LE VENT DES PEUPLIERS

Article publié dans la Lettre n° 211


LE VENT DES PEUPLIERS de Gérald Sibleyras. Mise en scène Jean-Luc Tardieu avec Georges Wilson, Jacques Sereys, Maurice Chevit.
Une belle terrasse circulaire, ocre sous le bleu du ciel, surplombe la vallée. Au loin, une colline où dodelinent des peupliers caressés par la brise, promesses de liberté. Un chien en pierre monte la garde. Si les hommes passent, lui demeure. Trois anciens combattants, encore dans la force de l’âge, défendent avec la même fougue qu’ils le firent autrefois contre l’ennemi, ce dernier bastion contre l’irruption des autres pensionnaires de la maison de retraite où ils achèvent leur vie.
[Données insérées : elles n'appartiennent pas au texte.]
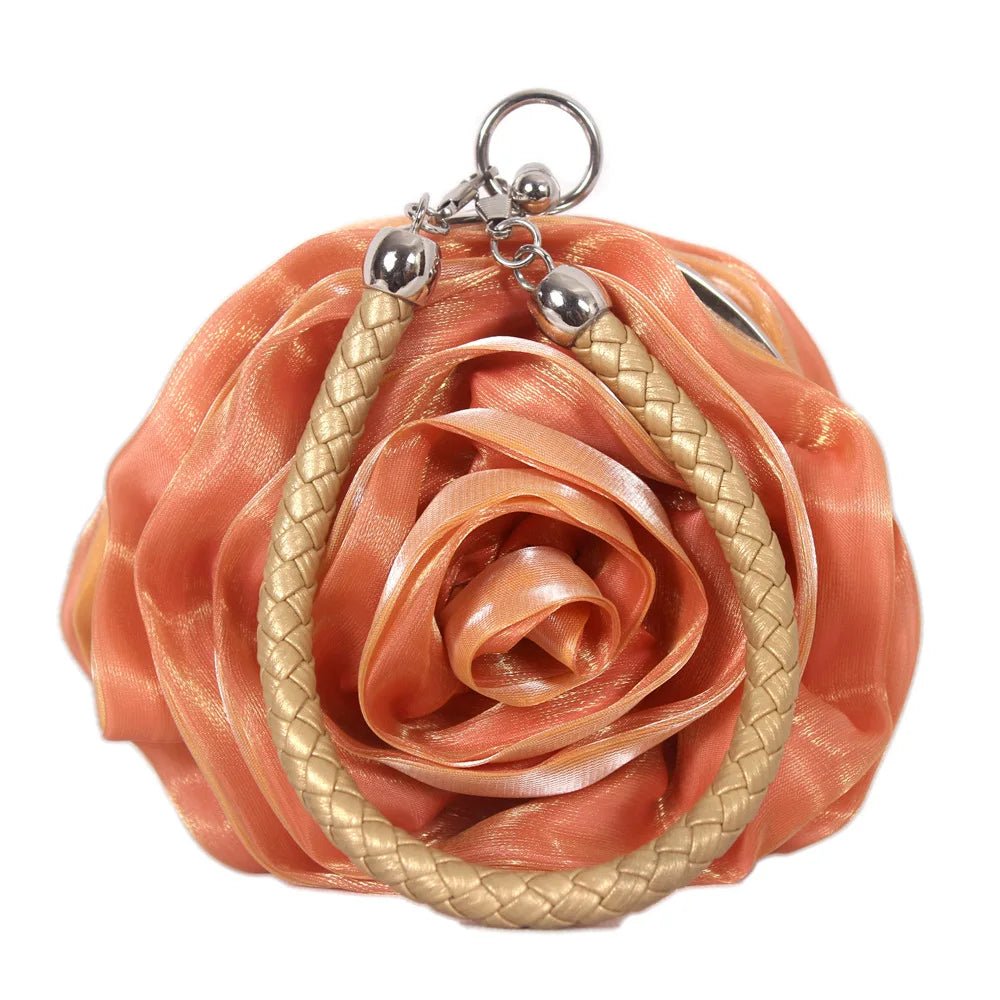 Rose Flower Silk Clutch — Bridesmaid Gift - Luzilly Bridal & Apparel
Habitués à commander, deux d’entre eux ont du mal à dételer. Gustave, est la grande gueule du trio. Installé là depuis six mois, il n’adresse la parole à personne sauf à ses deux compères et râle sur tout. Même les saisons n’ont pas grâce à ses yeux. Il morigène souvent René, trop conciliant à son goût et a à son égard des formules lapidaires. « Il est né enthousiate. Et quand il sera mort, il fera un cadavre enthousiaste »! Fernand, handicapé par un éclat d’obus resté fiché dans sa boîte crânienne et qui lui provoque des pertes de connaissance de plus en plus nombreuses, est obnubilé par les anniversaires. Soeur Madeleine n’en fête jamais deux le même jour. De là à penser qu’elle s’arrange pour faire passer de vie à trépas l’un des deux pensionnaire nés à une date identique, il n’y a qu’un pas. L’arrivée d’un général natif du 12 février comme lui et en pleine forme achève de l’affoler. Que faire? L’assassiner ou prendre la fuite...vers la colline aux peupliers? Cette solution retient l’adhésion des trois compères car elle est source d’évasion, d’aventures, donc de jeunesse retrouvée. Mais Gustave y met une condition aussi surprenante qu’irréalisable...
Avec son complice Jean Dell, Gérald Sibleyras nous a régalés il y a quelques mois d’une excellente comédie Un Petit jeu sans conséquence (n°203). Avec Le Vent des peupliers, il fait cavalier seul avec la même verve, explorant cette fois les affres de la retraite. Son texte acide, cruel, ironique dépeint à merveille le caractère et les humeurs de trois fortes personnalités, d’hommes qui ont été mais ne sont plus et dont fanfaronnades et vantardises demeurent les seuls substituts à leurs rêves de gloire perdue. La teneur des répliques et la mise en scène subtile offrent aux comédiens une prestation d’égale importance. Ils sont époustouflants, chacun dans un rôle taillé sur mesure. Georges Wilson tout en hargne, Maurice Chevit tout en nuance, Jacques Seyres miné par l’angoisse, sont impressionnants de naturel et d’authenticité. Ils savent faire rire ou émouvoir, grâce à un dialogue percutant qui frappe juste et fort. Eblouissant! Théâtre Montparnasse 14e.